Argentinean duo put on light show on city's streets

Walking down West 35th Street in Southwest Minneapolis, people at the bus stop and bicyclists pedaling by witnessed a bizarre spectacle: two men in the front yard of an apartment building, back-to-back, juggling clubs of fire.

After watching for a few minutes, it was clear the duo is not an amateur act. Their skill is mesmerizing: they flawlessly toss the clubs in the air, doing tricks such as tossing the torches behind their backs and catching them without even looking -- with occasional shouts to keep their routine in sync.

The jugglers routinely grab an on-looker to participate in their act. Despite initial protest, I caved and found myself in their yard at 6:30 p.m. one October night, stooped between the two, tightly gripping a cigarette they'd placed in my mouth as they tossed the flaming clubs mere centimeters from my face.

As I crouched amidst the fiery yet calculated act, questions raced through my mind, such as: "Where did they learn to do this?" and -- since they were too skilled for me to worry about dying -- "Will my hair catch on fire?"

Here is the tale of how professional fire jugglers -- who moonlight at Downtown's Marshall Field's Marketplace -- landed in a Minneapolis front yard.

Where'd you learn to do that? Fire juggler Maximiliano (Max) Penalva, 30, started entertaining his family in Argentina with a clown act when he was a kid. "There were many people in my family, and I was entertainment for everyone," he said.

When he was 20, Penalva enrolled in a Buenos Aires circus school, complete with a cultural center.

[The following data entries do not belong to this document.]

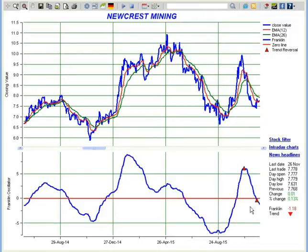I will introduce you to some of the main features of Franklin Oscillator. Franklin Oscillator is a unique technical indicator available only in Stockware Pro.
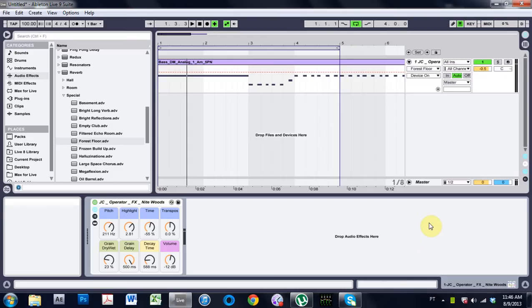Yo, what is up? Joshua Casper here with another awesome tutorial. It's Ableton Live today.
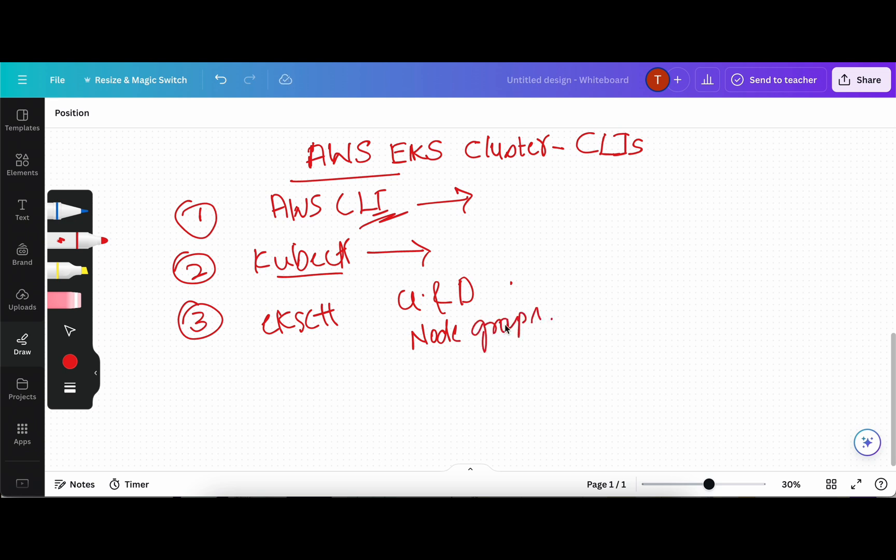We can also create Fargate profiles using EKS CTL, which is required in order to work with Fargate. So in very short terms, it is a very powerful tool for managing EKS clusters on AWS.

He said the week was reserved for training, and the weekends were reserved for performing in parks, at parties and at "discotecs" (dance clubs).

It was at the cultural center that Penalva linked up with fire juggler Mario Garcia, now 27. Garcia said he was playing the contra bass in a Reggae-Ska group when Penalva's act caught his eye.

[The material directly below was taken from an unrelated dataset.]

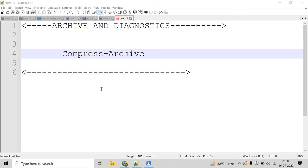Now let's talk about the Compress-Archive commandlet. The Compress-Archive commandlet creates a compressed or zip archive file from one or more specified files or directories. An archive file can be compressed using the compression algorithm specified by the compression level parameter. The maximum file size is 2 GB due to a limitation of the underlying API.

A few days later, he said he found himself training with Penalva in Venezuela, where he was introduced to Christian, who would become the third member of the performance troupe.

"We trained a couple of months for 10 hours a day," Penalva said.

After that, he said, they were pretty good, so the trio decided to form a show in 1997, named "The 200 Percent" (based on a French cartoon about a crazy wizard) and began performing regularly in Buenos Aires.

"In our city, everybody came to see us," Penalva said, flipping through a scrapbook with photos of the group before thousands of awed spectators. The group's talents exceed fire-juggling and include fire-eating, unicycle-riding, stilt-walking and contact ball-rolling (the controlled rolling of juggling balls over the body).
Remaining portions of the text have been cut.